The Travel Book: A Journey Through Every Country in the World – Lonely Planet

I have a very large collection of Lonely Planet books and this is one of the first that I was given. It does exactly what it says on the tin and takes you everywhere. For each country there are key facts, glossy photos, the best time to visit, top things to see and do and a random fact. Even better, it suggests how to get under the skin of each place with recommendations of what to read, watch, listen to, eat or drink for each place. Perfect for armchair backpacking whilst in lock-down or planning your next big adventure.

The Best Things in Life are Free: The Ultimate Money-Saving Travel Guide – Lonely Planet

I could quite easily have gone on to list all of my Lonely Planet books but this is one I find myself reaching for each time I plan a trip now. Whilst it doesn’t cover everywhere, it does cover over 60 cities worldwide and is pretty handy if you’re trying to plan a city break on a budget. It’s not all museums and parks, there are also cheap transport options suggested, places to eat and alternatives to some of the main sights in each city.

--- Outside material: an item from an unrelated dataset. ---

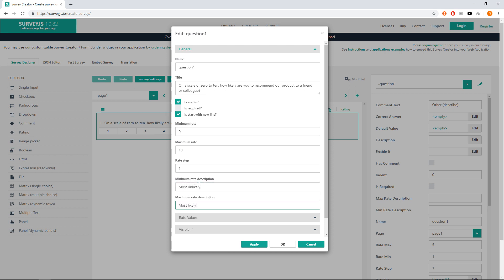Finally, it's a good idea to have a question name that tells what this question is about. That is why we will change the question name from question 1 to NPS score and press OK to apply the changes.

Show Me How: 500 Things You Should Know – Derek Fagerstrom, Lauren Smith & The Show Me Team

A slight departure from some of the other books on this list, this isn’t one I’d read cover to cover but is a surprisingly useful one to have on your shelf. I bought this for James as a present one year and whilst some of it is a little random, some of the tips it includes are actually really useful. Ever wondered how to serve and pair wine with food? Install a dimmer switch? Mount a camel? Open a pomegranate? Well this book has all the answers you need and quite possibly some you don’t. A great gift for big kids.

Do you enjoy reading non-fiction? Which books would you recommend?